Pictures with short captions:
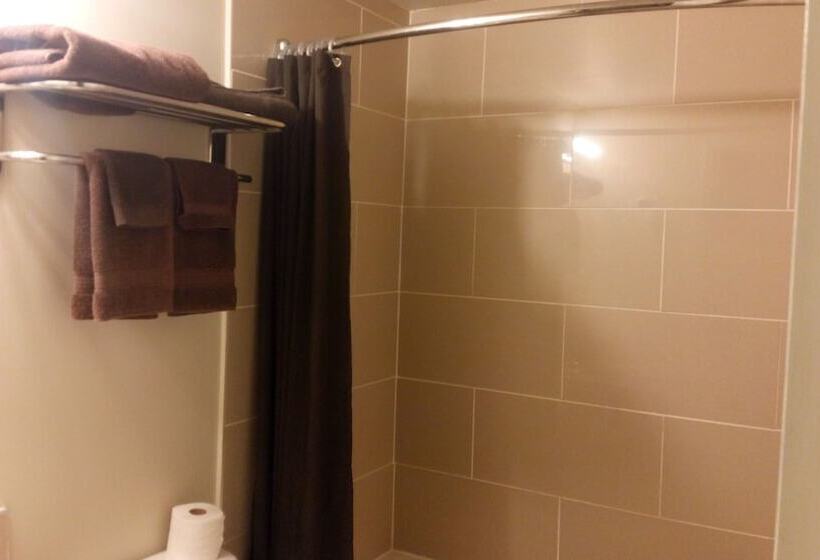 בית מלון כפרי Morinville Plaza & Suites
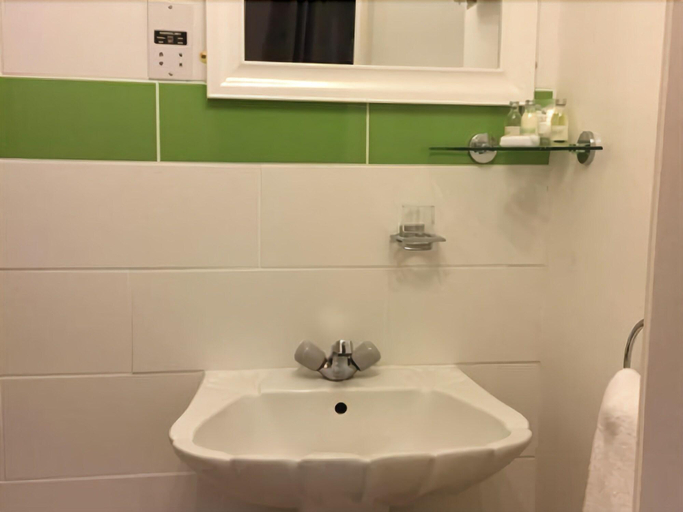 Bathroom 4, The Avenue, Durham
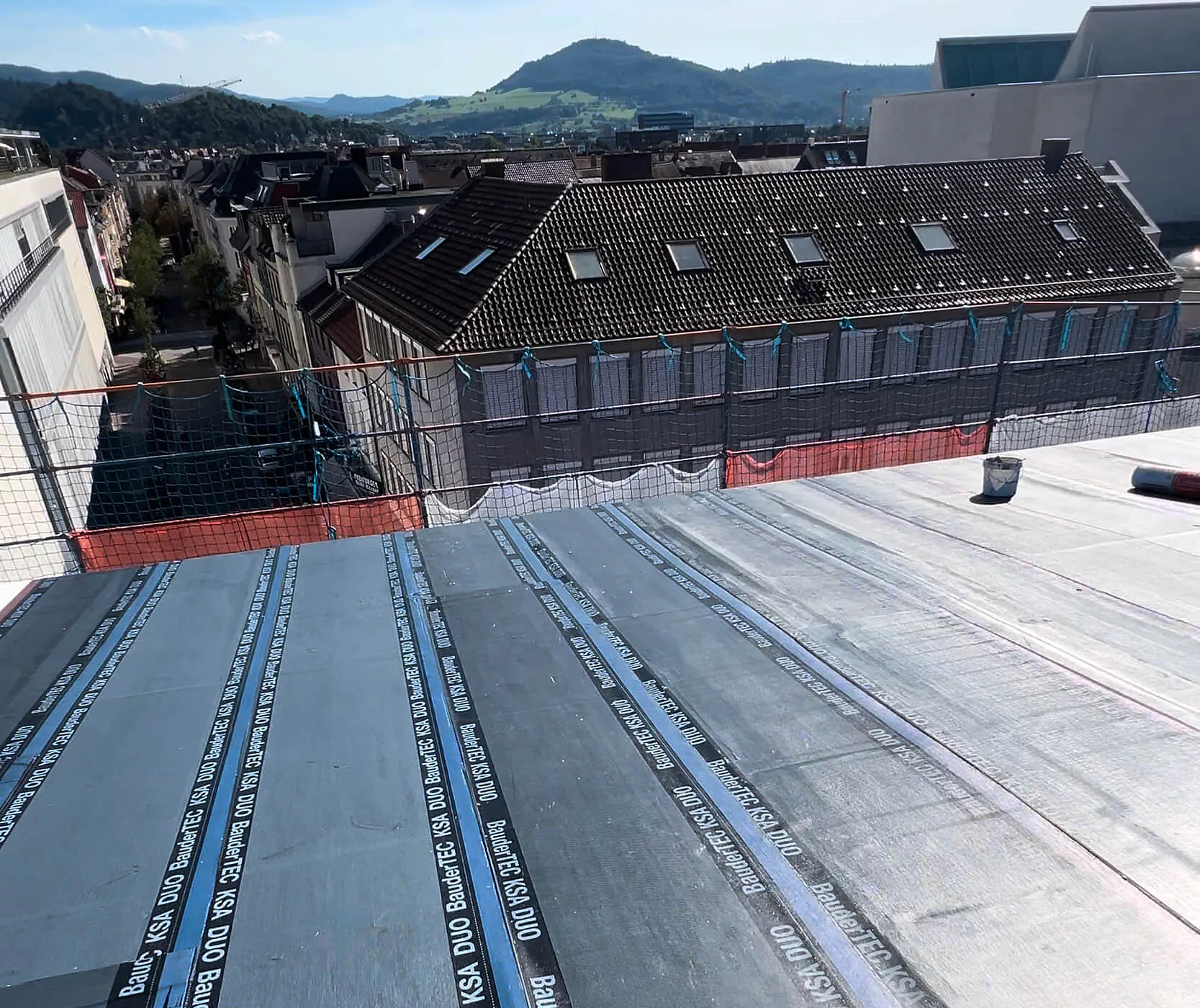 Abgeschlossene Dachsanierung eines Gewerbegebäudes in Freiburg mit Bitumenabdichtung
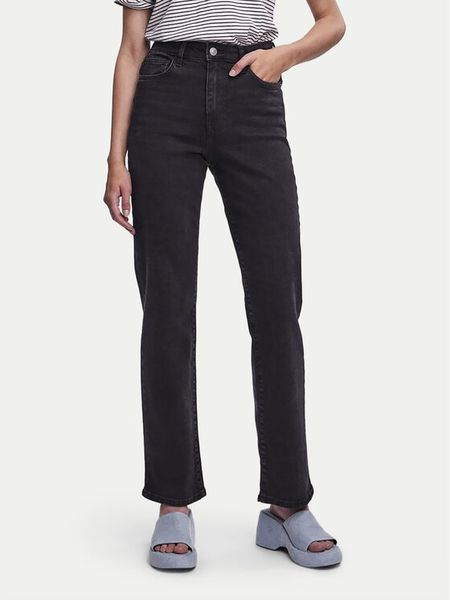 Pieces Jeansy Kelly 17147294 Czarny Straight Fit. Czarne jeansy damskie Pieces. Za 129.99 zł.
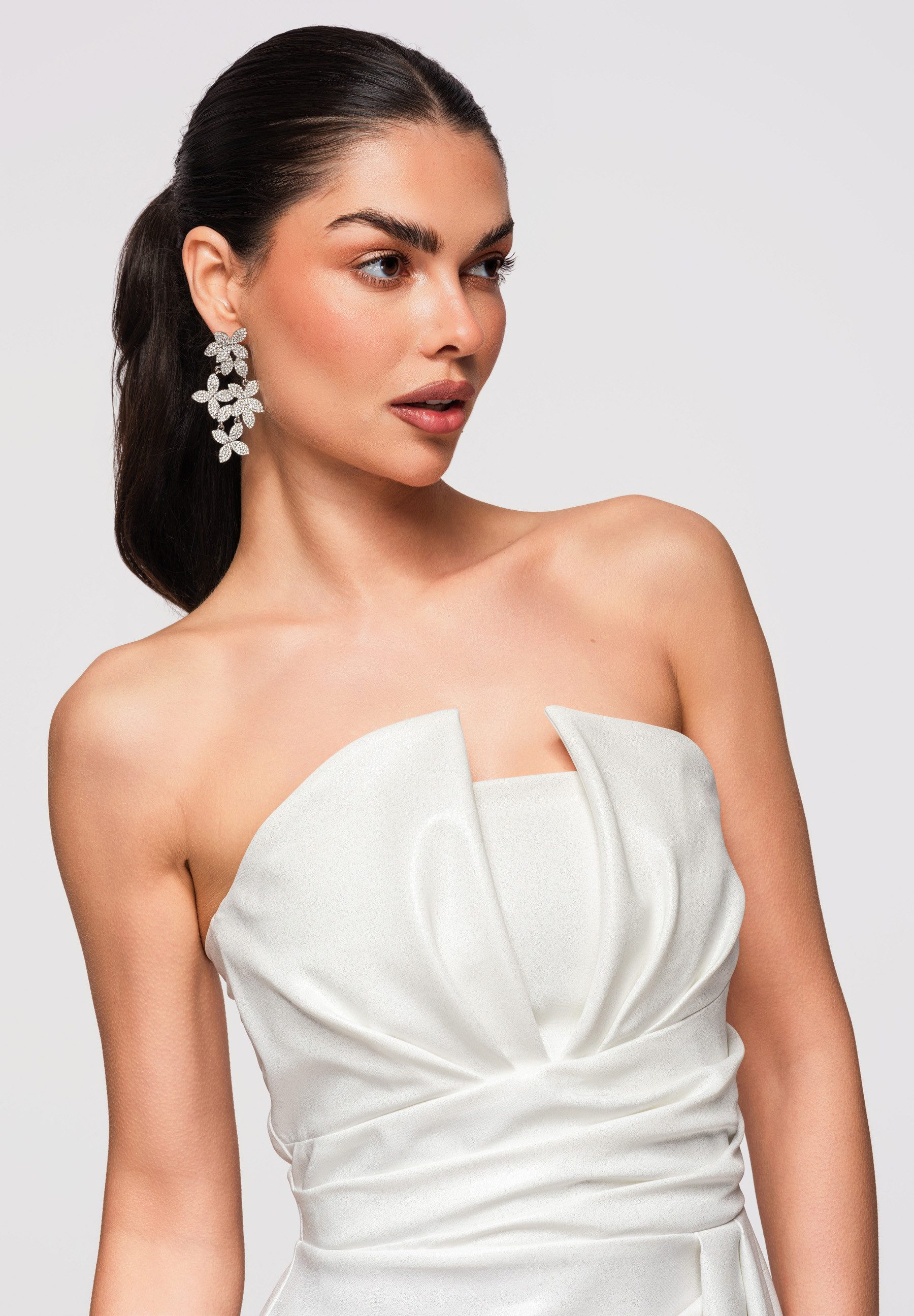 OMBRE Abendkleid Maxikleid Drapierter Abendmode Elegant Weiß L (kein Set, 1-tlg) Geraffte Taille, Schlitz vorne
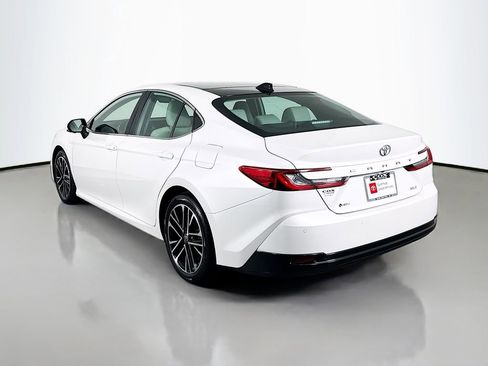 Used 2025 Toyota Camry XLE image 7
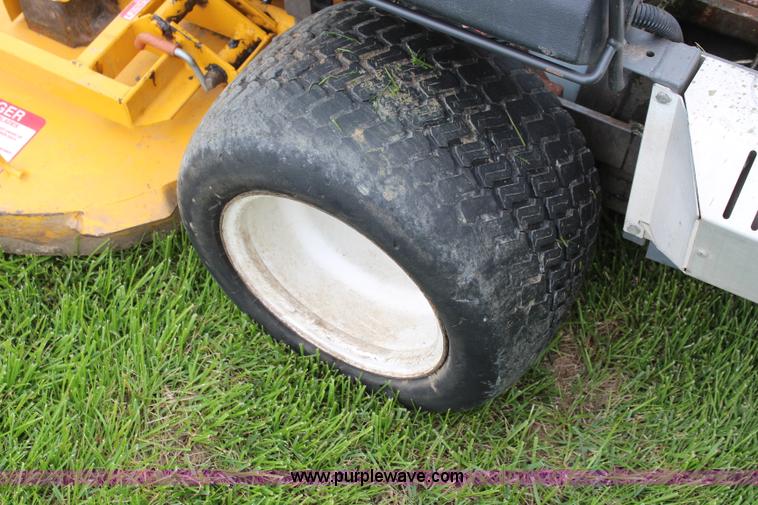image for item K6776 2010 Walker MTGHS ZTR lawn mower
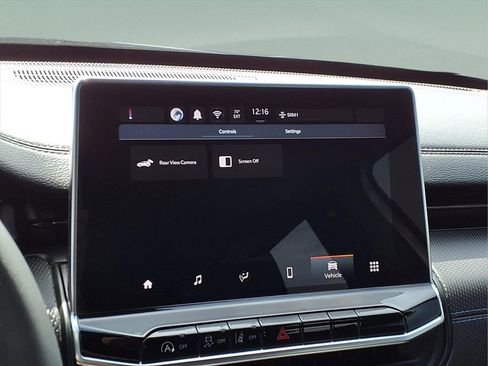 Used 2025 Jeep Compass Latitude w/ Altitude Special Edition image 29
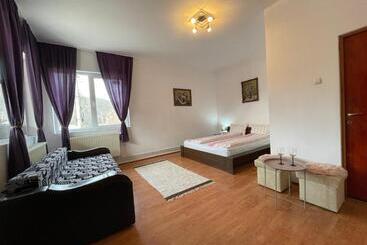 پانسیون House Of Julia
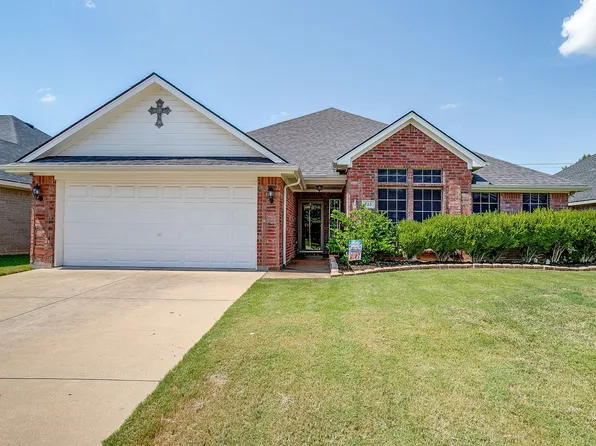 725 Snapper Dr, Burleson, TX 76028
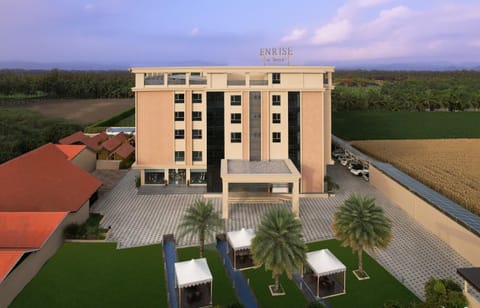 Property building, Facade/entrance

| WORK ORDER |
The line containing "Used 2025 Jeep" and all lines after it, through the last line of the records, should be returned exactly. Omit the pictures.

| YOUR RESPONSE |
 Used 2025 Jeep Compass Latitude w/ Altitude Special Edition image 29
 پانسیون House Of Julia
 725 Snapper Dr, Burleson, TX 76028
 Property building, Facade/entrance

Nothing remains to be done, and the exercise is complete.